SIMON BROWN: This might be me being ageist, but you are, as you say, an online bank, and certainly this is the future. And in fact, we’ve had them before in South Africa. Remember 2020, which sort of got stymied by the Saambou explosion back in the early 2000s. Do your demographics skew younger, because you are online – or is that just being ageist?
HYLTON KALLNER: No, I think that that’s a common misperception. The reality is that people who are seeking out the best rates are managing their money well, cover every demographic. And it’s independent of income levels also. So we’ve been appealing to all income levels, all sorts of age demographics, and it works really, really well. If you think about it, a senior or a pensioner is very much focused on the interest rates and managing their money well, and so the appeal of being able to improve your interest rates by demonstrating that you can manage your money well and use these nudges and behavioural incentives is really appealing to the seniors.
At the same time, millennials love the sort of gamification of it, going online, understanding exactly how they can improve their money status and do the right things and learn the right financial behaviours in the short term that are going to stand them good stead for their entire life. So it really does appeal across the spectrum.
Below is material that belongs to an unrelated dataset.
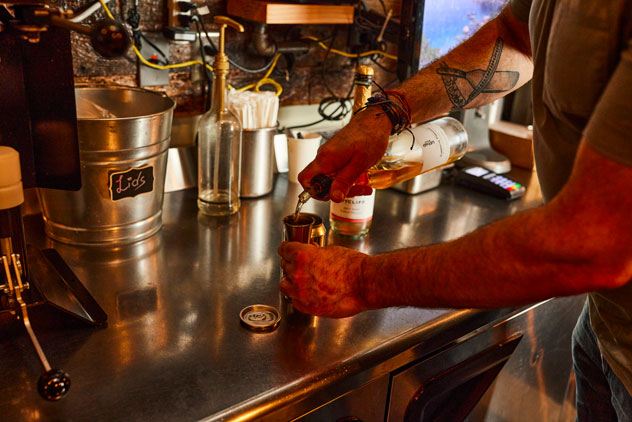 urban griddle making drinks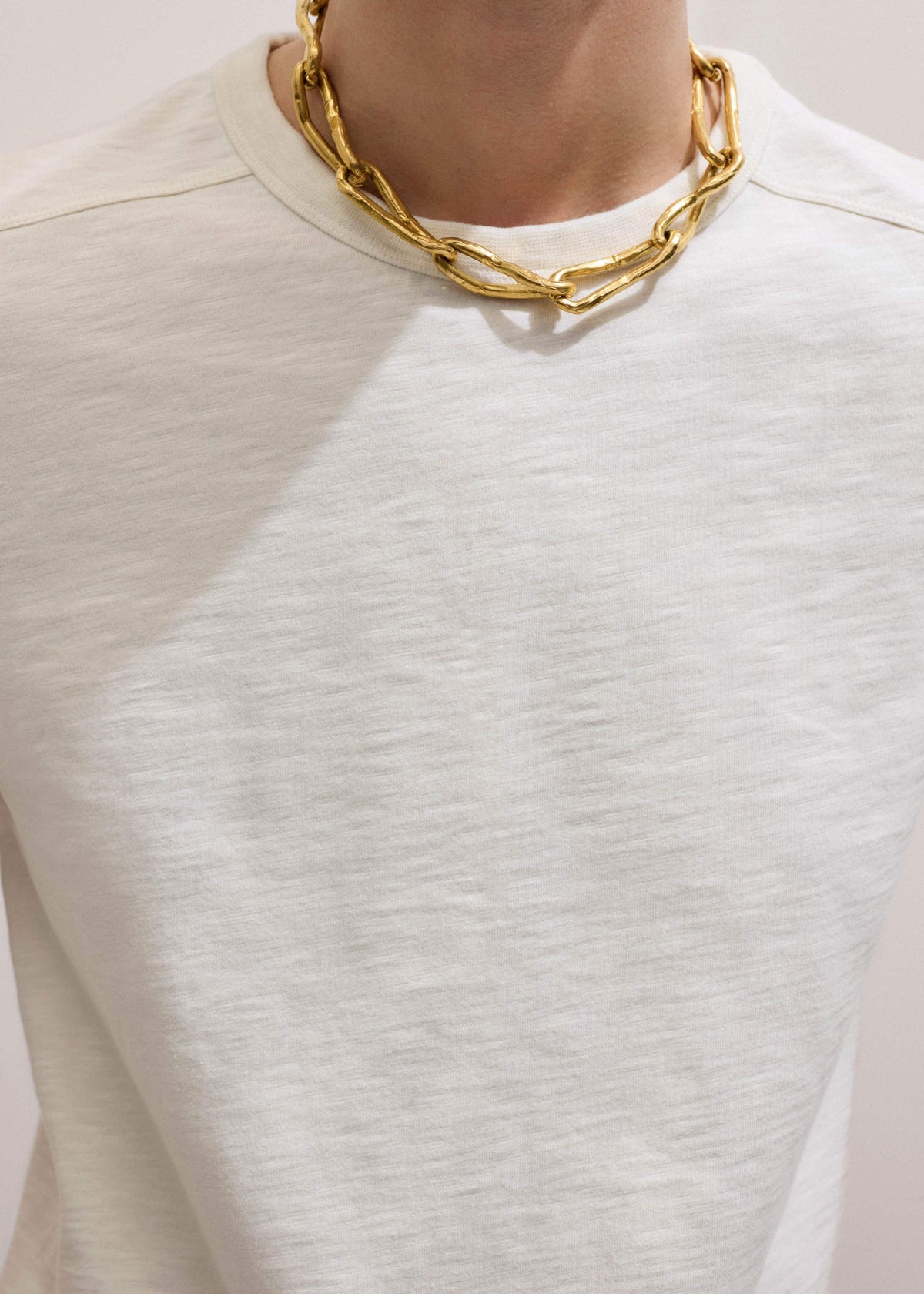 Cream Warm Touch Tee | ME+EM Clothing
SIMON BROWN: You talk around the “shared value” that the customer is a good money manager in a sense. Is that sort of simple stuff like “don’t have returned debit orders” because of insufficient cash, and don’t use debt recklessly. Is it as simple as sort of Money 101, almost?
HYLTON KALLNER: It’s literally that simple. It’s translating something fairly complex into literally something as simple as that.
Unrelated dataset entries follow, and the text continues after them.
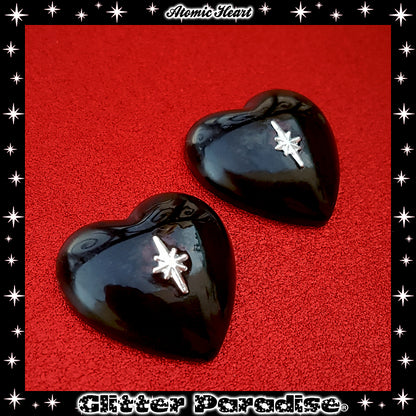 Earrings: Atomic Sweetheart Plain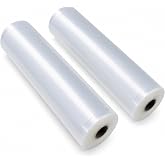 MAGIC SEAL 15 Inch Vacuum Sealer Bag Rolls, 2-Pack, 15x50 ft, 100 ft Total | Extra-Wide Textured Vacuum Seal Bags for Brisket, Large Cuts and Sous Vide, BPA-Free, 4 mil Textured Side, Freezer Safe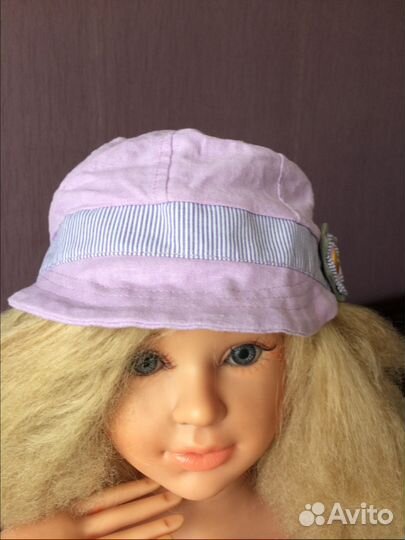 Женская льняная кепка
So it’s about having the right level of savings, managing debt, having insurance or protection in place for unforeseen expenses, and especially retirement funding, and owning property on retirement.
Those are the five behaviours that we’ve seen account for 80% of the long-term and short-term defaults among clients and members of the public.
So if you can manage those simple things in the short term, in the long term that will pay off. It’s really about education and creating life incentives because it’s about telling somebody to go out and have a run early in the morning, as opposed to having cake or lying in bed. The one is immediately valuable to them, the other one pays off in the long term, and managing your money is exactly the same,
SIMON BROWN: And the beauty these days of big data is you’re able to distil it down to those five points, and you know that if people do that over a lifetime of banking, they will be better off in retirement. It’s just that simple.
HYLTON KALLNER: It’s literally just that simple. And because they’ll be better off in retirement, we also know that they’ll be better off along the way, so they’ll have lower defaults for us as a bank. So we do better as a bank. We can return that value directly all the way through to the individuals that are creating that value. And it becomes a sort of a self-fulfilling cycle that they earn better interest rates, and they do better in the long term. And it really does work.
SIMON BROWN: That’s a Hylton Kallner, CEO at Discovery Bank. Hylton, I appreciate your early morning.